= Sofia Lovisa Gråå =

Sofia Lovisa Gråå (1749 – 8 May 1835) was a Swedish educator of actors, noted for innovations that in modern times would be described as feminist.

==Biography==
Sofia Lovisa Palm was from 1788 married to Fredrik Gabriel Gråå, the interpreter for the Russian embassy in Stockholm, who died in 1795. She was the principal of the Royal Dramatic Training Academy, the acting school of Sweden's Royal Dramatic Theatre, in Stockholm, from 1804 to 1812. She also, during her period as principal, oversaw student housing, with the female students in fact living in her home.

Gråå advocated for continuation of the French acting traditions introduced in the 1793–1798 tenure of the French-born and -trained Anne Marie Milan Desguillons and her husband Joseph. She was the first woman to hold this position alone. It was a difficult position at this point, during the temporary dissolution of the Royal Swedish Opera in 1806–09, which caused confusion in the Theatre's organisation.
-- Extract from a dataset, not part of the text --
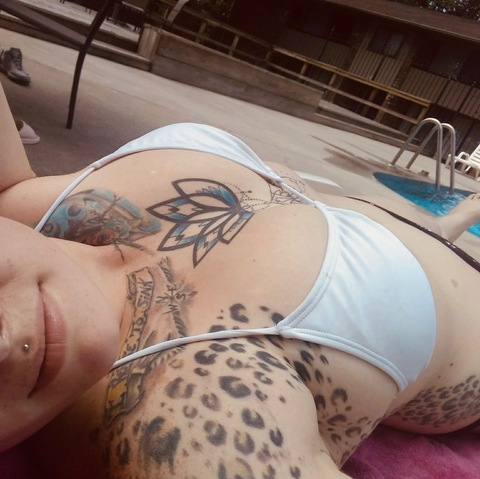 inkedandcurvygirl header picture leakfans.com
She gave the girls in her house great personal freedom; choir master Wikström was shocked that she allowed the girls to date teenage boys. Gråå herself paid no mind to the criticism and did not find her treatment of the students irresponsible; when she retired, she stated in her apply for a pension that she had accepted the position without any promise of economic compensation in her contract, and that she had always conducted a respectable and caring way to perform her task both as a principal and as a hostess for the female student's dorm. She retired in 1812 and was succeeded by Caroline Halle-Müller.

She educated many of the best known actors of the first half of the 19th century in Sweden, including Justina Casagli, Charlotta Eriksson, Sara Torsslow and Karolina Bock; the female students graduating during this time were often referred to as "The Gråå Girls".